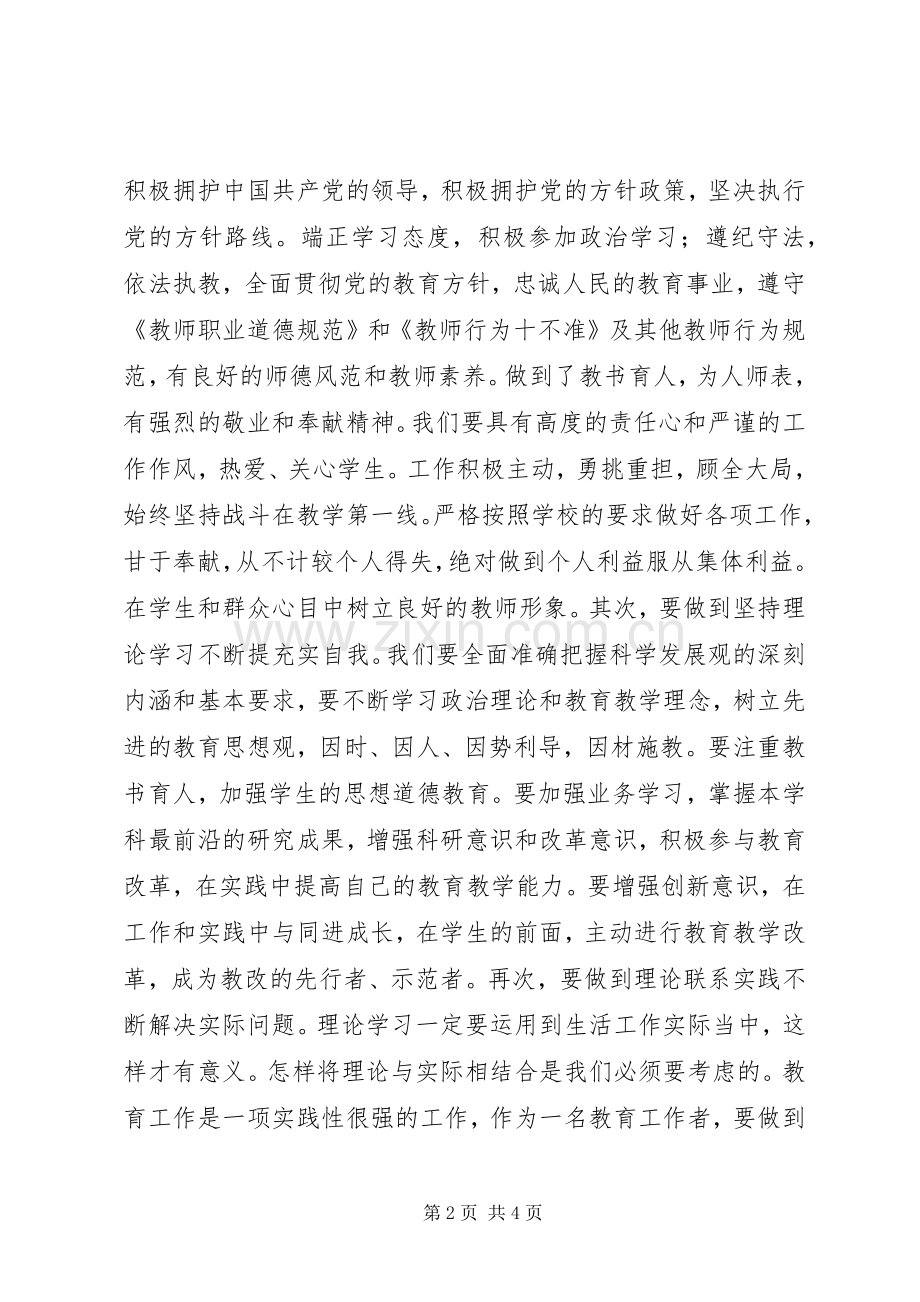 教育工作者群众路线心得体会.docx_第2页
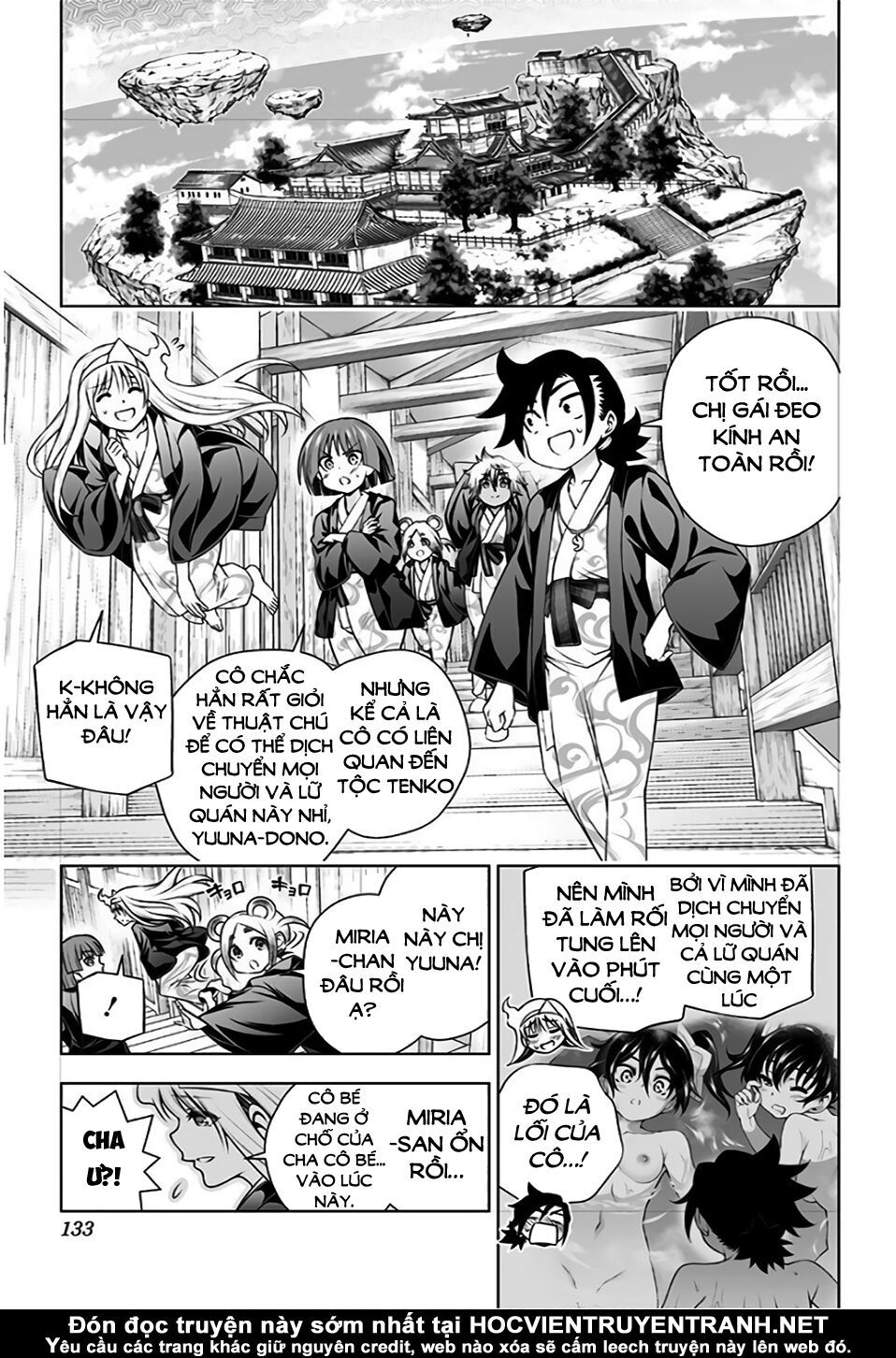 Yuragi-Sou No Yuuna-San Chapter 158 - 8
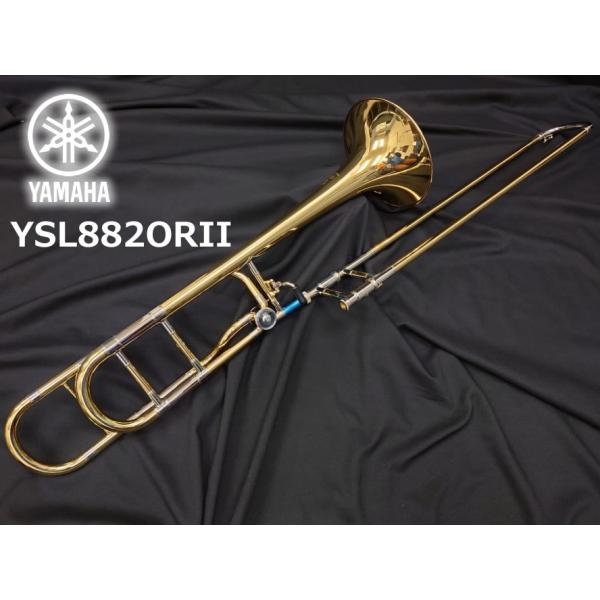YAMAHA ヤマハ YSL-882ORII テナーバストロンボーン(桑田晃氏選定品)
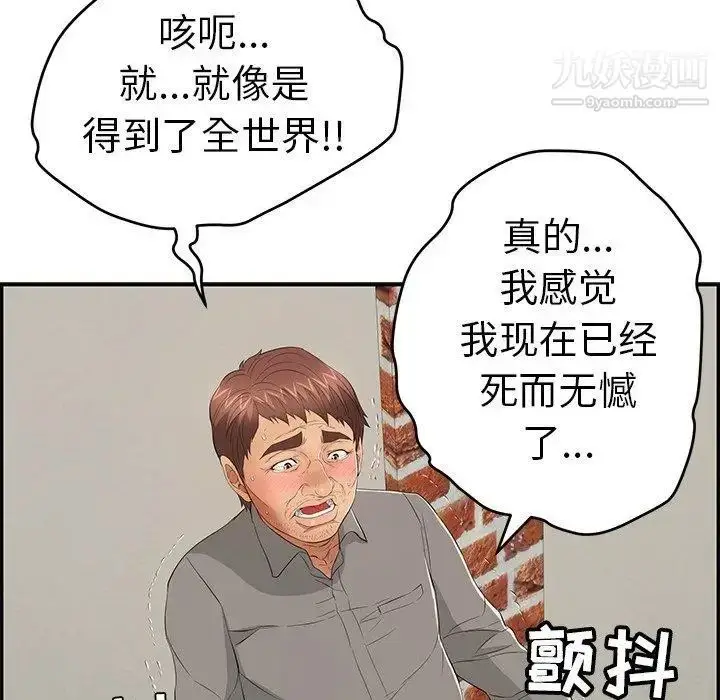 漫画《致命的你》第37话第88张图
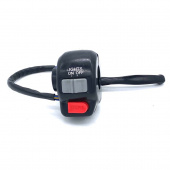 Пульт руля правый с рычагом тормоза яп. мопед Пульт руля правый с рычагом тормоза яп. мопед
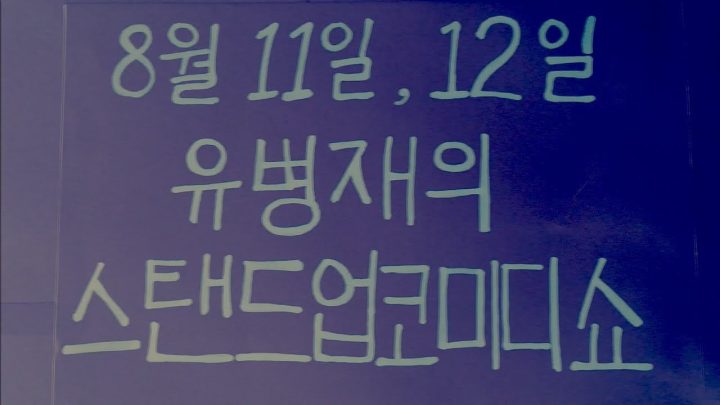 잘 와이지도 못하면서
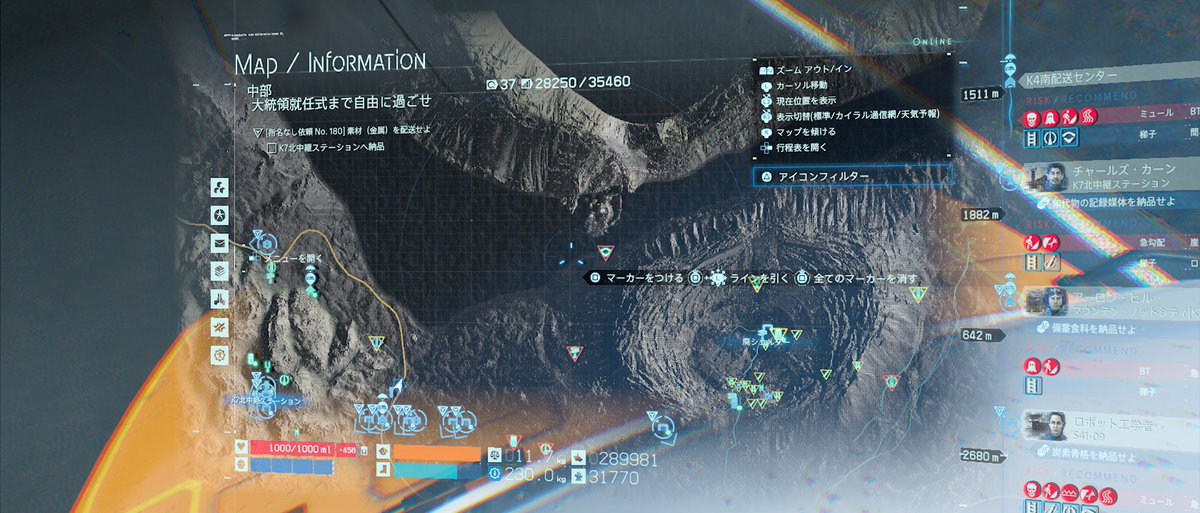 Mondy On Twitter サイバーパンクコラボ同様 Half Lifeコラボの最後の依頼もかなり熱い展開でした 何やら意味深なメールが届いて Ps4版では何もなかった所に新たな場所が作られていました 1 4 Deathstranding Halflife Halflifealyx Portal Valve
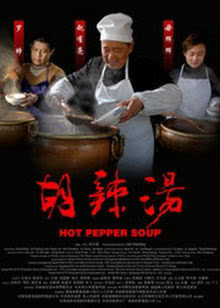 铁弓缘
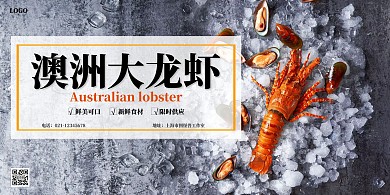龙虾生鲜简约食材餐饮提供横板海报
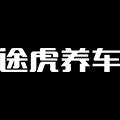 上海阑途信息技术有限公司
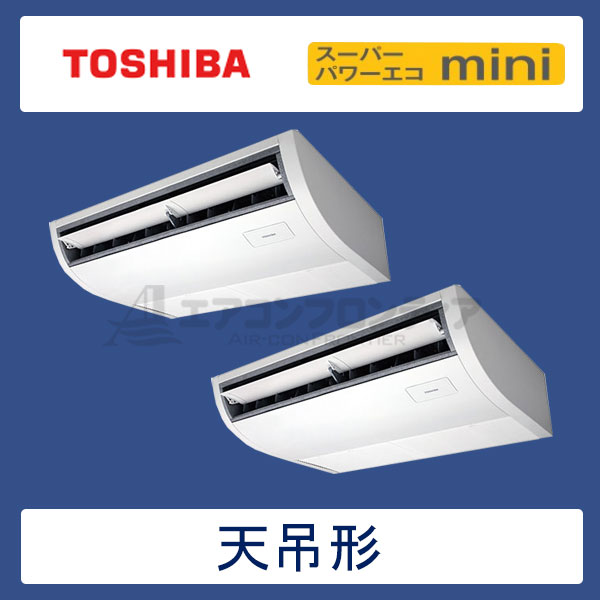 ACEB11287X　東芝　スーパーパワーエコmini　業務用エアコン　天井吊形 ツイン　4馬力　三相200V　ワイヤレスリモコン　-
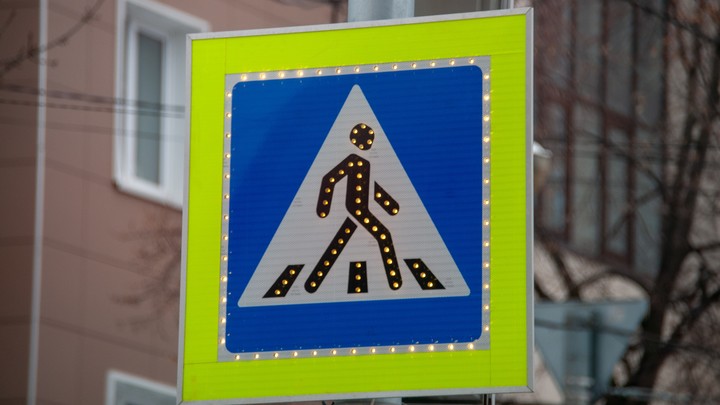 В Челябинске на пешеходном переходе сбили 13-летнюю девочку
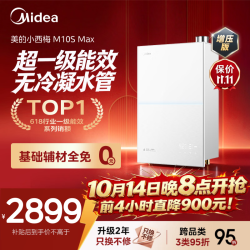 美的 小西梅系列 JSLQ27-M10S Max 燃气热水器 16L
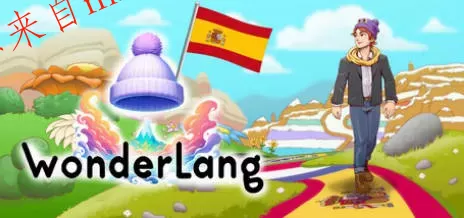 《语言奇境》中文合集版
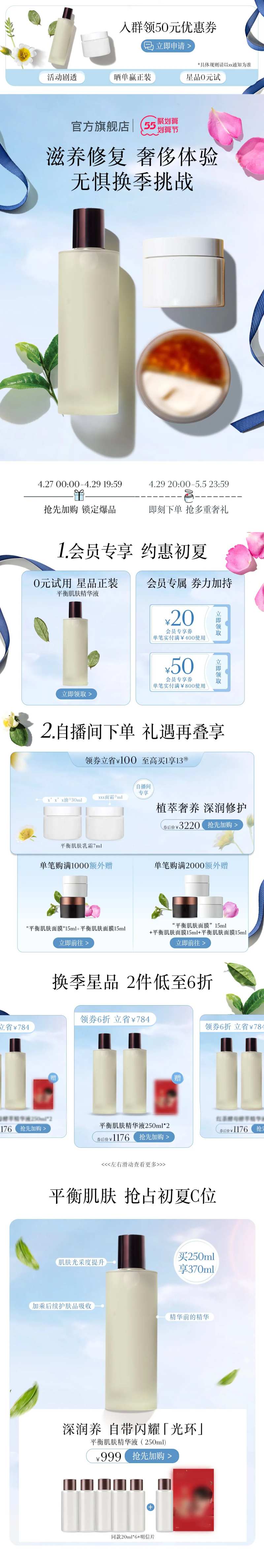 护肤品精华水乳首页-采灵感-cailinggan.com
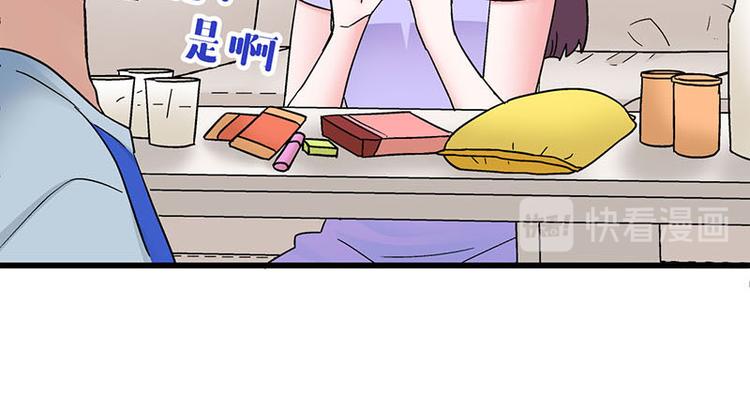第20话 兽耳庄怪谈大会10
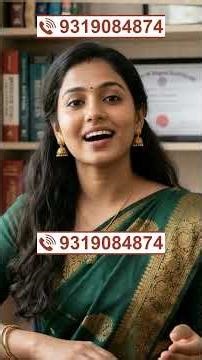 மன அழுத்தத்தைப் போக்க ஒரு எளிய மற்றும் ஆயுர்வேத தீர்வு.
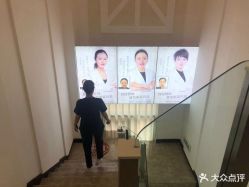 -索菲医疗整形美容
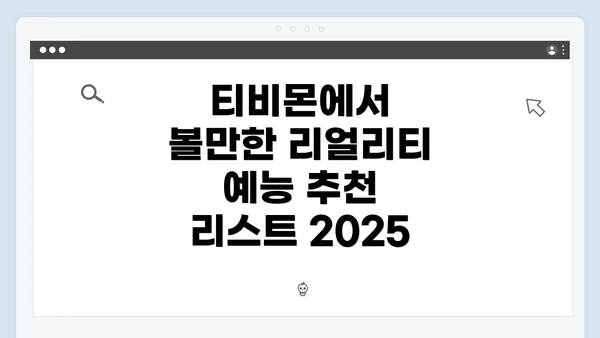 티비몬에서 볼만한 리얼리티 예능 추천 리스트 2025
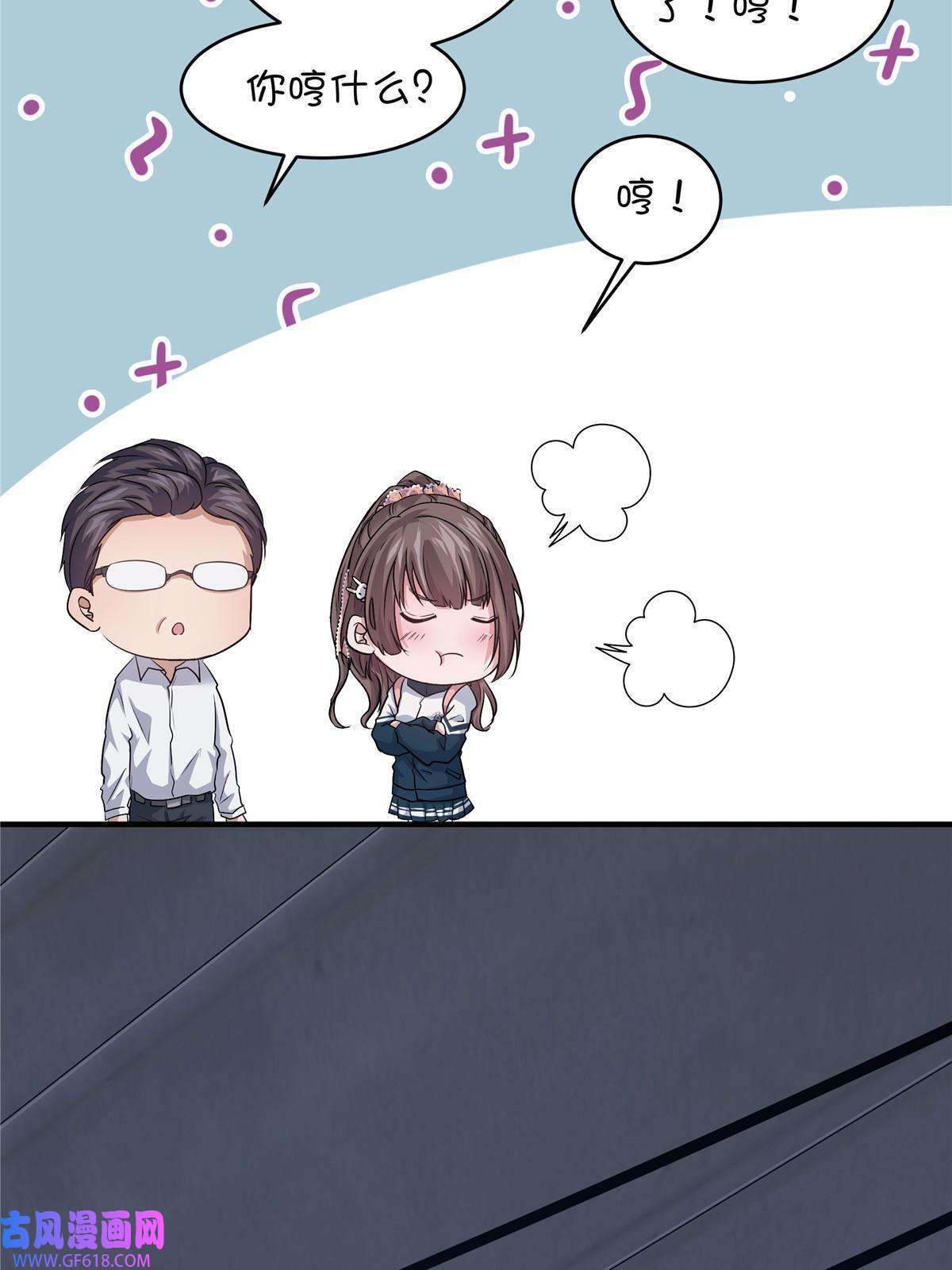 稳住别浪05 打工人，太难了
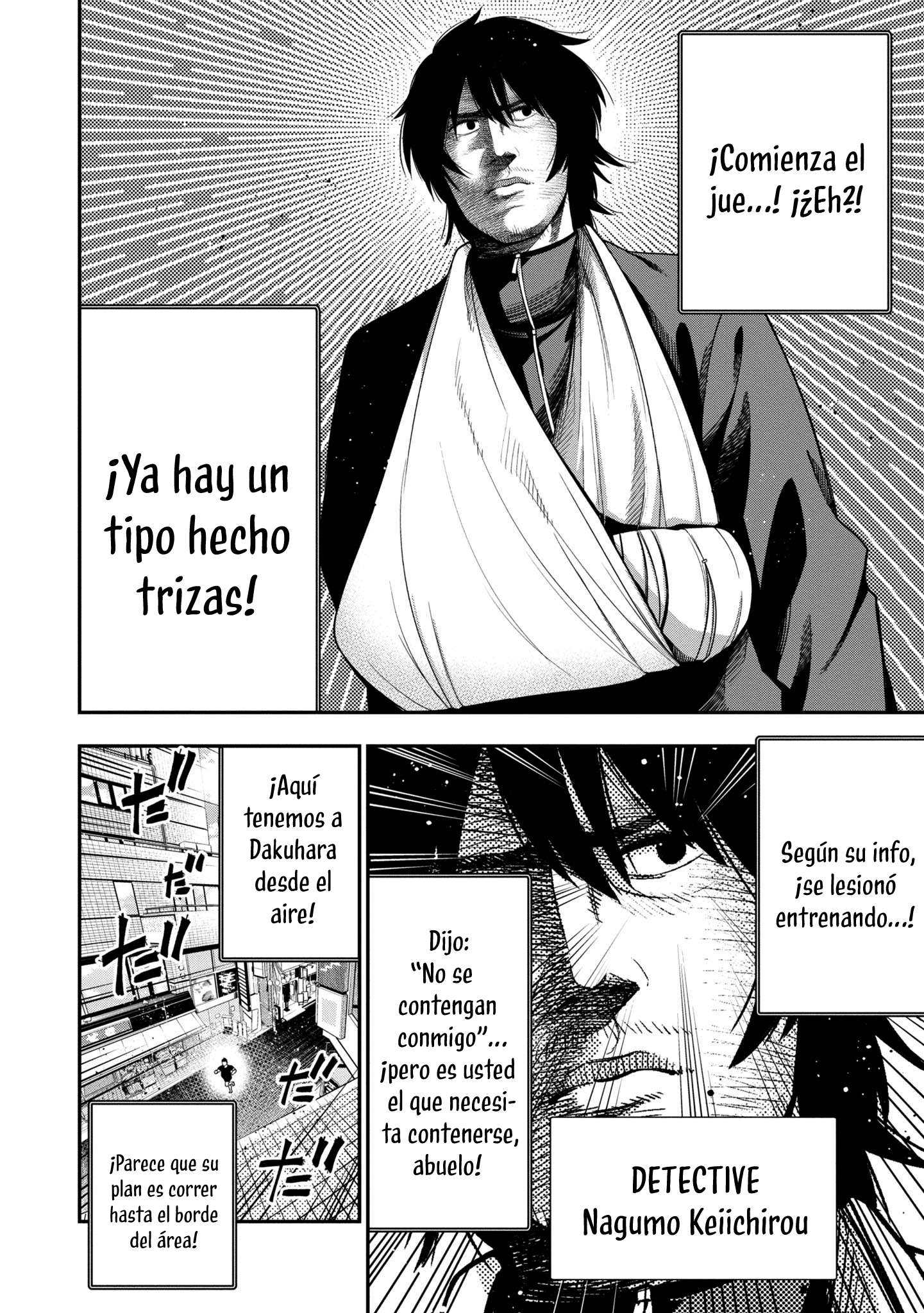 Página 7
━━━━━━━━━━
**DIRECTIONS**
Without any pictures, output exactly the lines from the start of the material through the line that contains "В Челябинске на", and only those.

**ANSWER TO THIS PROBLEM**
 教育工作者群众路线心得体会.docx_第2页
 Yuragi-Sou No Yuuna-San Chapter 158 - 8
YAMAHA ヤマハ YSL-882ORII テナーバストロンボーン(桑田晃氏選定品)
 漫画《致命的你》第37话第88张图
 Пульт руля правый с рычагом тормоза яп. мопед Пульт руля правый с рычагом тормоза яп. мопед
 잘 와이지도 못하면서
 Mondy On Twitter サイバーパンクコラボ同様 Half Lifeコラボの最後の依頼もかなり熱い展開でした 何やら意味深なメールが届いて Ps4版では何もなかった所に新たな場所が作られていました 1 4 Deathstranding Halflife Halflifealyx Portal Valve
 铁弓缘
龙虾生鲜简约食材餐饮提供横板海报
 上海阑途信息技术有限公司
 ACEB11287X　東芝　スーパーパワーエコmini　業務用エアコン　天井吊形 ツイン　4馬力　三相200V　ワイヤレスリモコン　-
 В Челябинске на пешеходном переходе сбили 13-летнюю девочку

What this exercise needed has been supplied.